Saving the Lives of the Under Fives

If you have ever worried about your own sick child, you can appreciate how frantic, desperate and helpless you would feel if you lived in the handful of countries where improvements in under 5 mortality have slowed to a trickle. If you are a mother in one of these countries, you are justified in your grave desperation, because half of the kids that die do so from the very mundane afflictions of diarrhea, pneumonia and measles. Another 40% are lost from neonatal causes that are also largely preventable. While globally we have reduced under 5 mortality by nearly 35% since 1990, nearly 7.6 million little ones still die each year.

Last week’s Call to Action sought to change all this, challenging the world to commit to a new set of goals for keeping kids alive. Currently, 78/1,000 children die before age 5. The goal is to reduce this to 15/1,000 by 2035. This represents a dramatic acceleration in the rate of improvement compared to what we have seen in the past.

The meetings in Washington set in motion a plan to tackle this issue head-on, with a strategic focus on the worst countries – India, Pakistan, Ethiopia, Nigeria and the Democratic Congo, with a package of interventions that will hit the diseases and related conditions that matter most. Convened by the US Government, Ethiopia and India, in collaboration with UNICEF the event brought together 700 stakeholders from across government agencies, private companies, NGOs, faith based organizations to discuss the global approach. The role of the private sector is rarely spelled out with great detail in these types of meetings, but this time things were different.

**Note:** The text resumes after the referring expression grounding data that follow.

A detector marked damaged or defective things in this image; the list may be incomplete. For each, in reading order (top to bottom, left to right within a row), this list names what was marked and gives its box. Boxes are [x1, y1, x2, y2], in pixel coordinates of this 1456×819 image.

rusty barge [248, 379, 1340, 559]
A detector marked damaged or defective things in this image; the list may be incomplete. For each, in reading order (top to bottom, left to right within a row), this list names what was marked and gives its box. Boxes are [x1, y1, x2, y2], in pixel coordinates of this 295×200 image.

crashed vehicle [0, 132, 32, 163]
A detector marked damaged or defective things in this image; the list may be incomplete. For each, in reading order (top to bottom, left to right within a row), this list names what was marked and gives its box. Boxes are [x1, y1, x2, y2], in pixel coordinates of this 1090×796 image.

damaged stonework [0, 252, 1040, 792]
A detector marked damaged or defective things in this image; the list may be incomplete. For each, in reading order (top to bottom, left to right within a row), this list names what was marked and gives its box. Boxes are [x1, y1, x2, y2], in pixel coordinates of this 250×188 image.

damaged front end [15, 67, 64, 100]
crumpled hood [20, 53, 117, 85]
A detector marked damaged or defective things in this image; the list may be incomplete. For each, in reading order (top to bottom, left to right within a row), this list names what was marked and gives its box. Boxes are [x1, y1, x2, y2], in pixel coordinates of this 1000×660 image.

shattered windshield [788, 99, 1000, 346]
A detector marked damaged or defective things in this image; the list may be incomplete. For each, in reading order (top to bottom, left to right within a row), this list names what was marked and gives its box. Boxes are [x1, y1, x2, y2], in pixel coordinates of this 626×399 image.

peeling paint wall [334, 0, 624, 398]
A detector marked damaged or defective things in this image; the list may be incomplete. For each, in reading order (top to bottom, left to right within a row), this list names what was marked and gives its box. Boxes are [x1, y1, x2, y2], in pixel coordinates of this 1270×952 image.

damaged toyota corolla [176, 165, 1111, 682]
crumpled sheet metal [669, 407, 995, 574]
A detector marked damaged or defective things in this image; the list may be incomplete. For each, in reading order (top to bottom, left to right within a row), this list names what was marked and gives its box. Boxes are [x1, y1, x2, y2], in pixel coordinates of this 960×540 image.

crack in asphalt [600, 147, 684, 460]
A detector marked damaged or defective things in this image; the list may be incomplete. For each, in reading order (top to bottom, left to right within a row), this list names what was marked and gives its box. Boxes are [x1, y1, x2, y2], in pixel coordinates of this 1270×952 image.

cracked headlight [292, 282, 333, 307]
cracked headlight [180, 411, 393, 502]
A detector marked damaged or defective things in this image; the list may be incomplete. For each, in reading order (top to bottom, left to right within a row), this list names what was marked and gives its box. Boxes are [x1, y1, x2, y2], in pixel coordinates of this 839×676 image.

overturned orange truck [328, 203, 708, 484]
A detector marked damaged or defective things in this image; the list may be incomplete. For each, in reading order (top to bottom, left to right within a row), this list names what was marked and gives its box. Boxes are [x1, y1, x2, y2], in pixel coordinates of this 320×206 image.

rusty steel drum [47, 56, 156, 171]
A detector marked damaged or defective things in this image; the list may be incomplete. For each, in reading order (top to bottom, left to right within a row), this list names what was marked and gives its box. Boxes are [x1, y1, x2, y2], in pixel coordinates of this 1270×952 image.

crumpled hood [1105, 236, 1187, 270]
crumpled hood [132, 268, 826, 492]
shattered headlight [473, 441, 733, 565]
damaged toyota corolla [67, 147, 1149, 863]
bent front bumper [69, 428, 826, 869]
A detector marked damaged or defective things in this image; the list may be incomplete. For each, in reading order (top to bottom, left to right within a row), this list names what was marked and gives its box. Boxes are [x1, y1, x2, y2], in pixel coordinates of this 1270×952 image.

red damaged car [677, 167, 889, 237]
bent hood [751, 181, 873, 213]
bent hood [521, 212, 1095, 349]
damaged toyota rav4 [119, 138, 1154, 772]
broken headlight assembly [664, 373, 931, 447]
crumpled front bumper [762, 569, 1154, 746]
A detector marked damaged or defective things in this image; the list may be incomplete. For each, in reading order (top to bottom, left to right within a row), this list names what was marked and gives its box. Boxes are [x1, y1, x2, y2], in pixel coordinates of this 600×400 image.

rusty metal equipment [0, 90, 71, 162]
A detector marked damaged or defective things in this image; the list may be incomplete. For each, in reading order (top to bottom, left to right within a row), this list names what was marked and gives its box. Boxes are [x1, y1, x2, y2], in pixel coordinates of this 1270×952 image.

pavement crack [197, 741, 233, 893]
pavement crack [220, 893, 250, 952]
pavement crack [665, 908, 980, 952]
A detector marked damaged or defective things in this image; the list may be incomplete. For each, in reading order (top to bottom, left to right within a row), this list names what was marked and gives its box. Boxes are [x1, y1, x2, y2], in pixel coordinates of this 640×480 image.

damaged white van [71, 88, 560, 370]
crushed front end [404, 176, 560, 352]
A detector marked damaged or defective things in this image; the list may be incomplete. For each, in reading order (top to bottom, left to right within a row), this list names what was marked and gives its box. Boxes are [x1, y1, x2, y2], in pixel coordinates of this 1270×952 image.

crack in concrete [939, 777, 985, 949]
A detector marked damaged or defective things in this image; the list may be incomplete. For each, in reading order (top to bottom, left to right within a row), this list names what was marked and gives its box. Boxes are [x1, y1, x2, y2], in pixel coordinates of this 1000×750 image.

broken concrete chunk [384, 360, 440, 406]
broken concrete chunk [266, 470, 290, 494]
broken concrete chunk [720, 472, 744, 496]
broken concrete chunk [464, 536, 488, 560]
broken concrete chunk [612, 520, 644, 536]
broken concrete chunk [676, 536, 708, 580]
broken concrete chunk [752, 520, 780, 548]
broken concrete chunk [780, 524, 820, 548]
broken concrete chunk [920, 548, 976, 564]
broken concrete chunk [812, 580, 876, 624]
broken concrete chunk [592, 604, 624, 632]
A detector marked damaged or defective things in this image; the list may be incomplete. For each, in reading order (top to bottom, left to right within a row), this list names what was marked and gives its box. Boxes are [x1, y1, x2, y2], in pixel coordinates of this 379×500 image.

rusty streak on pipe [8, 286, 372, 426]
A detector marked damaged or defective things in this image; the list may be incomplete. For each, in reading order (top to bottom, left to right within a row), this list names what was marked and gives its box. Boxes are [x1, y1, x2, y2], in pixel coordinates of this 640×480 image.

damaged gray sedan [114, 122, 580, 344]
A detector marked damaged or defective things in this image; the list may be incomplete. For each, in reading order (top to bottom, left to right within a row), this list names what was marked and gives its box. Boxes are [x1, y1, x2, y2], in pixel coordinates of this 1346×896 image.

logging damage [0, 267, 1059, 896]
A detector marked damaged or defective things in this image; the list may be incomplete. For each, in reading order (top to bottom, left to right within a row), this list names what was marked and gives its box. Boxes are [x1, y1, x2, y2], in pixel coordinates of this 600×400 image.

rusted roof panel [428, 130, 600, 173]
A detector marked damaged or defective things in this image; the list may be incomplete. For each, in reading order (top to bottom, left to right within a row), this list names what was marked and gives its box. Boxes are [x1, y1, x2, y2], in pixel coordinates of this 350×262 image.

On Friday, Gary Cohen, Executive Vice President at Becton Dickinson presented the Private Sector Engagement Guide that FSG authored for the Partnership for Maternal, Newborn and Child Health. The guide makes the case that companies, from across a diverse set of industries, have a key role to play in ensuring that women and children have access to health products and services that are provided through an effective health care delivery system. We reviewed 70 case studies of companies engaged in maternal and child health to determine that companies can not only do this from a charitable orientation, but more powerfully they can do this from a commercial orientation and create both social and economic value. Shared value in action that ensures today’s efforts are not temporary.

In the guide we also describe how companies must work through a collective impact model to ensure that their innovations are part of a larger effort with both the public and private health systems. Moving the needle on child mortality won’t happen unless there is a health system that works, in a given place, to address the range of issues that take a child’s life before age five.

So what will this look like if we are to meet the new under 5 mortality targets? Within any country, the effort must be led by country governments who use analytics to set priorities, allocate resources and implement evidence based strategies. Development partners will align their funding with national priorities. Companies will bring innovations in products and services to fill gaps or strengthen the overall system from a sustainable, commercial perspective. Civil society will engage communities and support families through outreach and advocacy. All of these actors will need to align around one strategy suitable for the country’s specific needs, agree to a common set of metrics to track progress towards the goals (scorecards have already been drafted), share progress through ongoing communications, and coordinate activity to avoid redundancies and manage gaps. In order to keep all of these pieces moving in concert, there must be a coordinating agency, a backbone organization, that is funded and empowered to transparently monitor and support the diverse set of organizations that are key to success.

The ultimate success will be when the mothers in these countries are no longer struck with fear at every cough or loose stool. When taking kids to the clinic is routine and easy and yields results in a predictable way. When pregnancy doesn’t suggest a death sentence and when we can all look back on the past with disbelief that the world was ever so.

We all have a role to play. What will you do? What will your company do? How will you do it in concert with others?